BRIEF
All lines from the one containing "FS25 Front Cultivator" to the end of the listing below should be output exactly; omit the pictures.

DATA BELOW
+---+
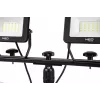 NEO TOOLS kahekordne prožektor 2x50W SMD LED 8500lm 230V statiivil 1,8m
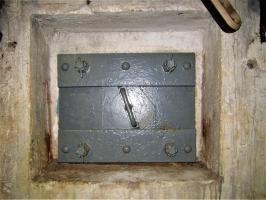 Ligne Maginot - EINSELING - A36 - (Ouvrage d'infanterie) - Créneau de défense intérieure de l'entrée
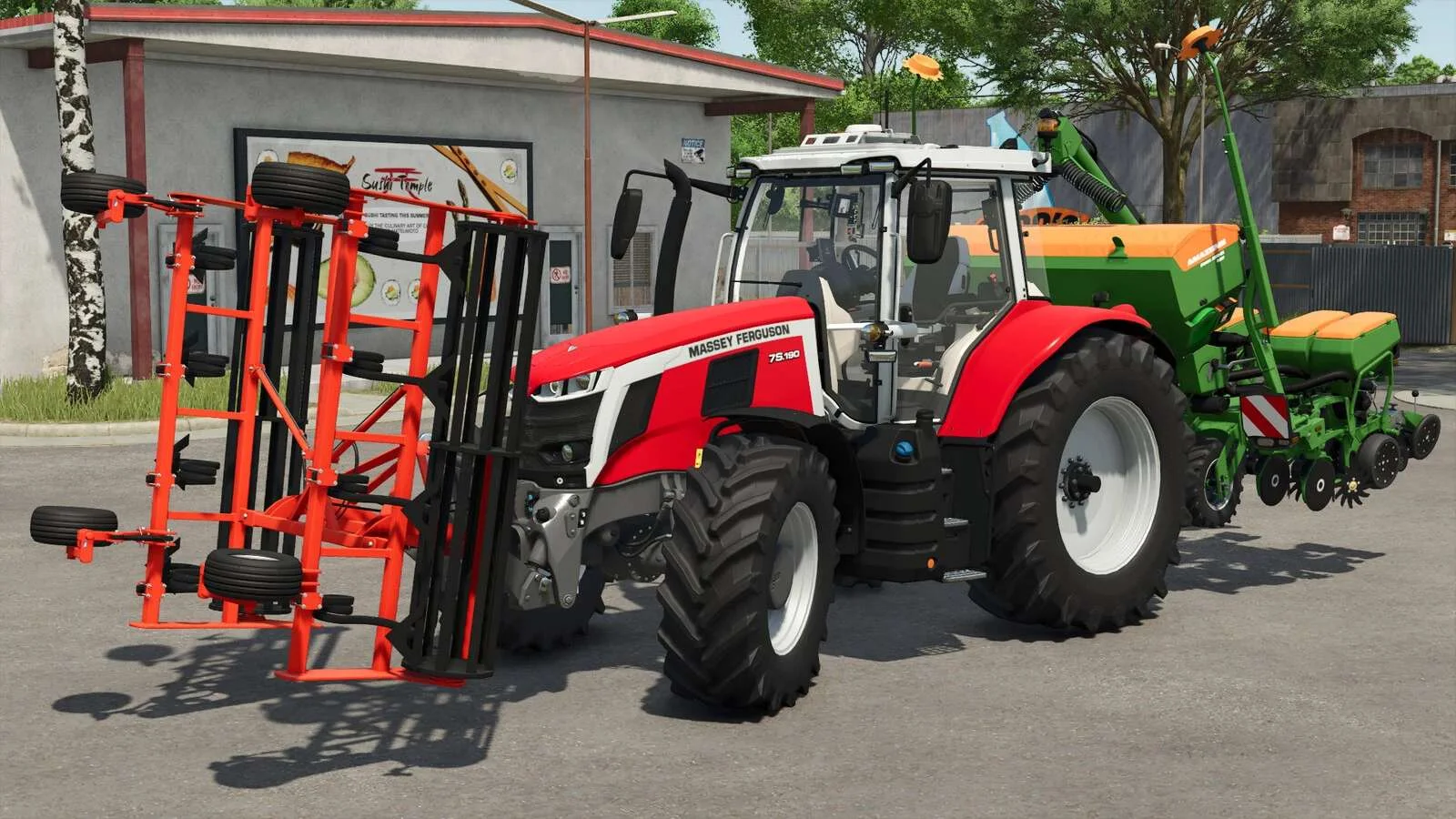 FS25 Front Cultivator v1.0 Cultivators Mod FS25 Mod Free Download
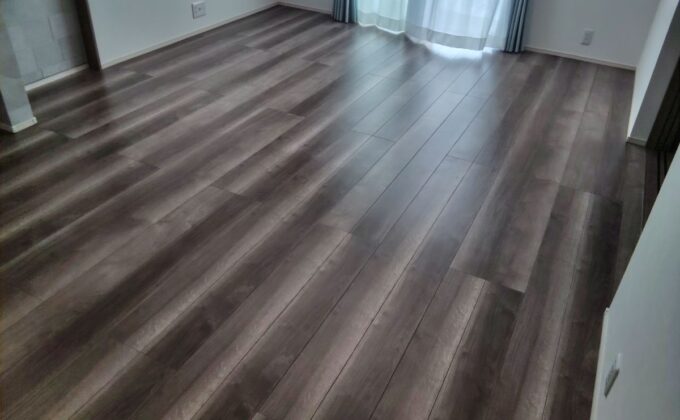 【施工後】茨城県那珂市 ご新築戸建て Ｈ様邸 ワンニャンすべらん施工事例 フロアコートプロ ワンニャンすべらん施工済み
+---+
YOUR SOLUTION
 FS25 Front Cultivator v1.0 Cultivators Mod FS25 Mod Free Download
 【施工後】茨城県那珂市 ご新築戸建て Ｈ様邸 ワンニャンすべらん施工事例 フロアコートプロ ワンニャンすべらん施工済み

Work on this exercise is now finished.